Particles \(P_1\), \(P_2\), \(\ldots\) are at rest on the \(x\)-axis, and the \(x\)-coordinate of \(P_n\) is \(n\). The mass of \(P_n\) is \(\lambda^nm\). Particle \(P\), of mass \(m\), is projected from the origin at speed \(u\) towards \(P_1\). A series of collisions takes place, and the coefficient of restitution at each collision is \(e\), where \(0 < e <1\). The speed of \(P_n\) immediately after its first collision is \(u_n\) and the speed of \(P_n\) immediately after its second collision is \(v_n\).
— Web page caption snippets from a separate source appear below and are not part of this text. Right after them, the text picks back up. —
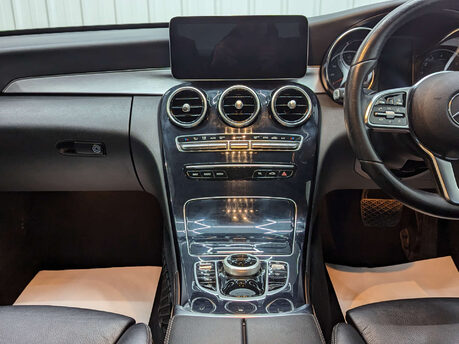 Mercedes-Benz C Class 1.5 C 200 Sport Auto 4dr 81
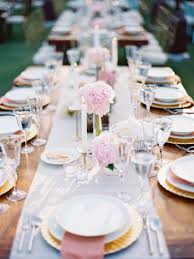 Decorate with metallic candles and small floral centerpieces. 57 Spring Centerpieces And Table Decorations Ideas For Spring Table Settings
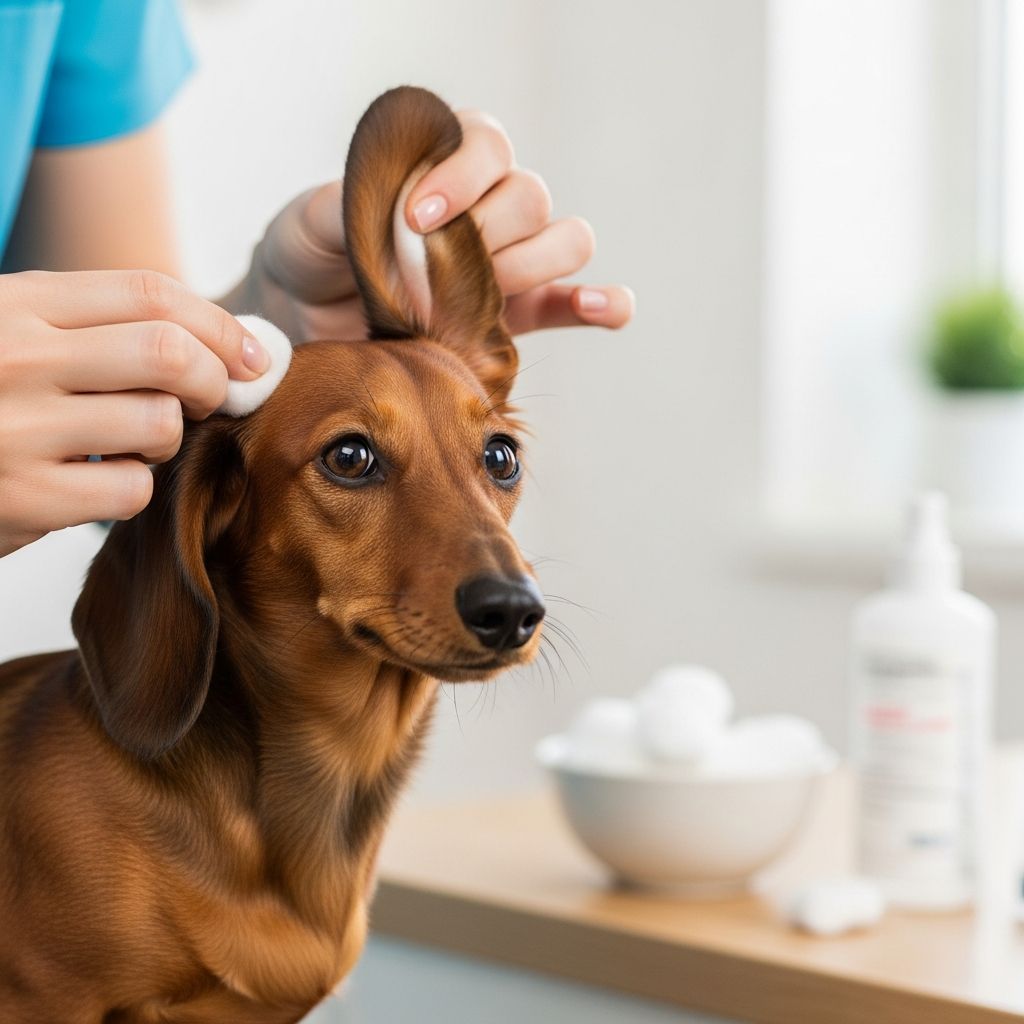 Dachshund Ear Care: 8 Essential Steps For Healthy Ears Master safe, effective ear cleaning for your Dachshund to prevent infections and ensure comfort with this detailed, vet-inspired routine.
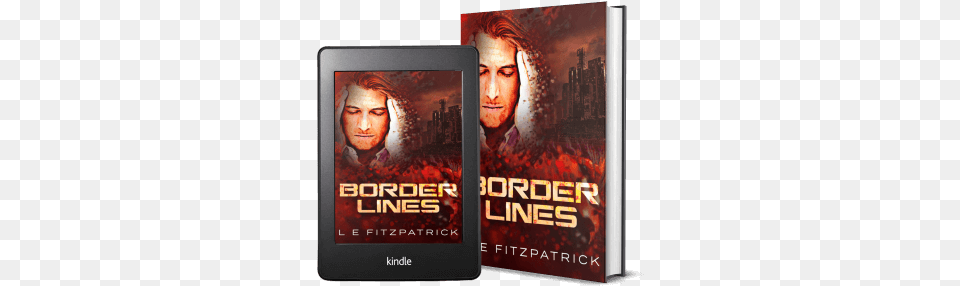 Border Lines U2014 Next Chapter Action, Book, Publication, Novel, Adult Free Transparent Png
No external forces act on the particles.

  1. Show that \(u_1=\dfrac{1+e}{1+\lambda}\, u\) and find expressions for \(u_n\) and \(v_n\) in terms of \(e\), \(\lambda\), \(u\) and \(n\).
  2. Show that, if \(e > \lambda\), then each particle (except \(P\)) is involved in exactly two collisions.
  3. Describe what happens if \(e=\lambda\) and show that, in this case, the fraction of the initial kinetic energy lost approaches \(e\) as the number of collisions increases.
  4. Describe what happens if \(\lambda e=1\). What fraction of the initial kinetic energy is \mbox{eventually} lost in this case?

Solution:

  1. TikZ diagram
    \begin{align*} \text{COM}: && mu &= mv + \lambda m u_1 \\ \Rightarrow && u &= v + \lambda u_1 \tag{1} \\ \text{NEL}: && e &= \frac{u_1-v}{u} \\ \Rightarrow && eu &= u_1 - v \tag{2} \\ (1)+(2) && (1+e)u &= (1+\lambda) u_1 \\ \Rightarrow && u_1 &= \frac{1+e}{1+\lambda}u \\ && v &= u_1 - eu \\ &&&= \frac{1+e - (1+\lambda)e}{1+\lambda} u \\ &&&= \frac{1-\lambda e}{1+\lambda}u \end{align*} Note that subsequent (first (and second)) are the same as these, therefore: \begin{align*} u_n &= \left ( \frac{1+e}{1+\lambda} \right)^n u \\ v_n &= \frac{1-\lambda e}{1+\lambda } u_n \\ &= \frac{1-\lambda e}{1+\lambda } \left ( \frac{1+e}{1+\lambda} \right)^n u \end{align*}
  2. If \(e > \lambda\) then \((1-\lambda e) > 1-e^2 > 0\) and \begin{align*} \frac{v_{n+1}}{v_n} &= \frac{1+e}{1+\lambda} > 1 \end{align*} So the particles are moving away from each other - hence no more collisions.
  3. If \(e = \lambda\) then \(u_n = u\) and \(v_n = (1-\lambda)u\) so all the particles end up moving at the same speed. \begin{align*} \text{initial k.e.} &= \frac12 m u^2 \\ \text{final k.e.} &= \frac12 m((1-e)u)^2 + \sum_{n = 1}^{\infty} \frac12 \lambda^n m ((1-e)u)^2 \\ &= \frac12mu^2(1-e)^2 \left ( \sum_{n=0}^{\infty} e^n \right) \tag{\(e = \lambda\)} \\ &= \frac12 mu^2(1-e)^2 \frac{1}{1-e} \\ &= \frac12m u^2 (1-e) \\ \text{change in k.e.} &= \frac12 m u^2 - \frac12m u^2 (1-e) \\ &= e\frac12m u^2 \end{align*} Ie the total energy lost approaches a fraction of \(e\).
  4. If \(\lambda e = 1\), after the second collision the particle will be stationary. ie \begin{align*} \text{initial k.e.} &= \frac12 m u^2 \\ \text{k.e. after }n\text{ collisions} &= \frac12 \lambda^n m \left (\left ( \frac{1+e}{1+\lambda} \right)^n u \right)^2\\ &= \frac12 \lambda^n m \left ( \frac{1+\frac1{\lambda}}{1+\lambda} \right)^{2n} u&2\\ &= \frac12 \lambda^n m \left ( \frac{1+\frac1{\lambda}}{1+\lambda} \right)^{2n} u\\ &= \frac12 \lambda^n m \left ( \frac{1}{\lambda} \right)^{2n} u\\ &= \frac12 m \lambda^{-n} u\\ &\to 0 \end{align*} Eventually we lose all the kinetic energy.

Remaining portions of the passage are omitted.